In addition to the usual reviews and comments you would find on a horror movie blog, this is also a document of the wonderfully vast horror movie section of the video store I worked at in my youth.

Thursday, February 1, 2001

The Lost Reviews: Sunshine

The Lost Reviews are a group of articles I wrote for the site DVDWolf that, for whatever reason, were never posted. This review for Sunshine was originally written in July 2007.

Fifty years in the future, our sun is dying. When the first spaceship sent to re-ignite the sun disappears, a second is launched. These eight astronauts are the last hope for humanity.

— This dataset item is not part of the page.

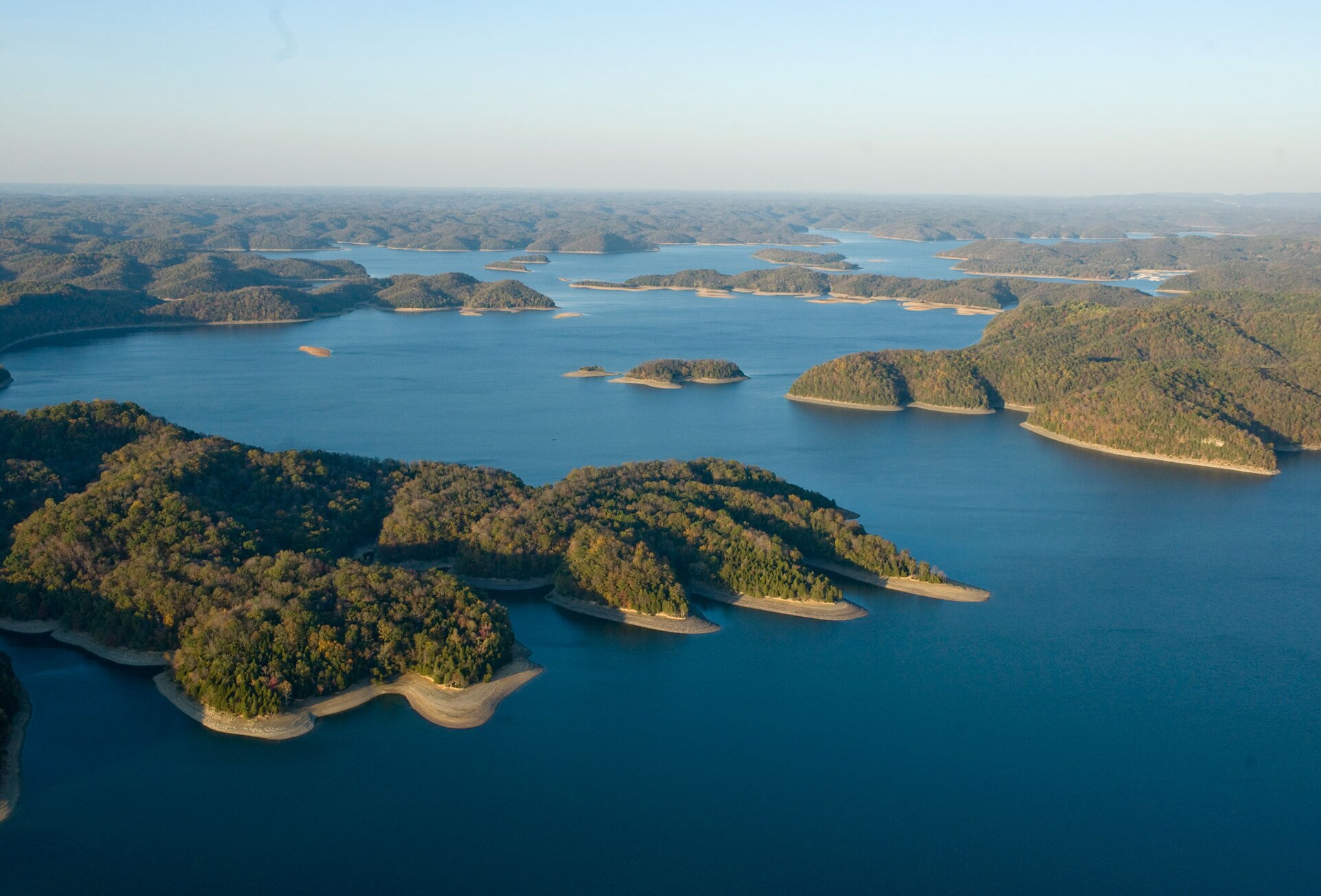 Dale Hollow Lake, Tennessee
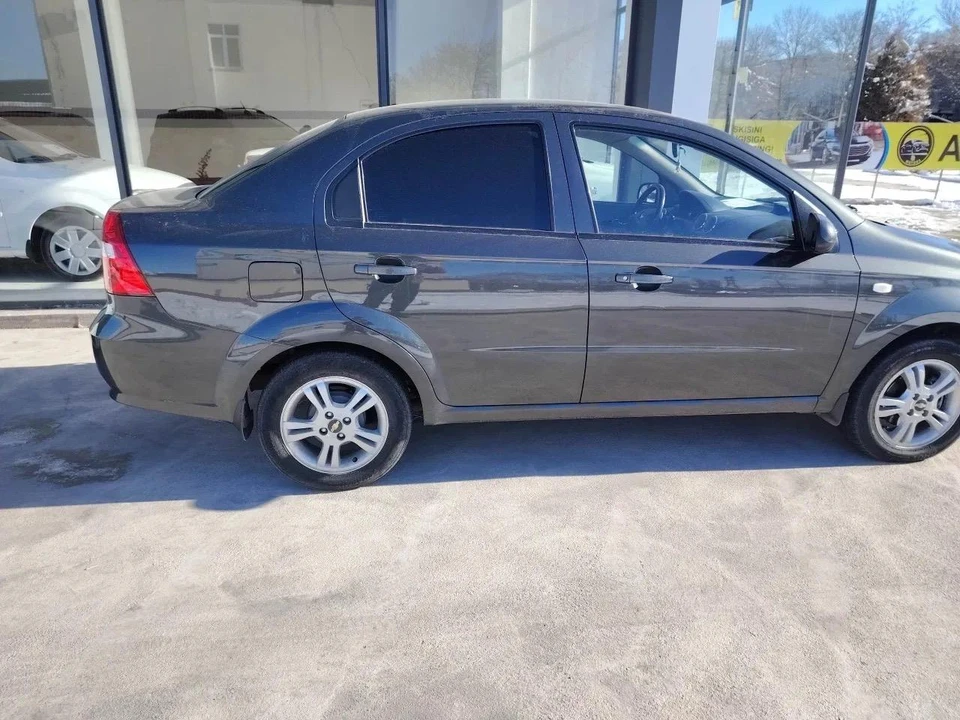 Chevrolet Nexia 3 I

Sunshine is a terrific example of straight up science fiction. Director Danny Boyle and writer Alex Garland sidestep the pitfalls of humour and romance – which lesser filmmakers would use as a crutch – and just give us the goods. The look of the film is spectacular, channelling other classic films that obviously inspired it, like 2001 and Alien. The dull, metallic hues inside the ship are in complete contrast to the bright colours of the imposing sun. The visual effects in space are as good as anything I’ve ever seen and made the approaching star seem like its own character. I never once felt like I wasn’t out on that spaceship with them. Sunshine also sports a fine ensemble cast including Cillian Murphy, Chris Evans and Michelle Yeoh. The absence of a big name serves the script well because every character is on equal ground, with no lines of gender or race. The film is, as Boyle puts it, “just eight astronauts strapped to the back of a bomb”. The one thing I especially appreciated about Sunshine was the trailer only revealed the setup. The whole second half of the movie is a complete surprise and the story unfolds for you without any preconceived notions. I can’t remember the last time I wasn’t spoon-fed the entire story in a trailer – maybe M. Night’s last one, but Sunshine didn’t turn out to be shit. There are several sci-fi films that Sunshine is reminiscent of, but it also never seems like it’s not its own entity. There were some weird editing choices towards the end that made the climax a little hard to follow, but overall Boyle should be very proud of his first foray into science fiction.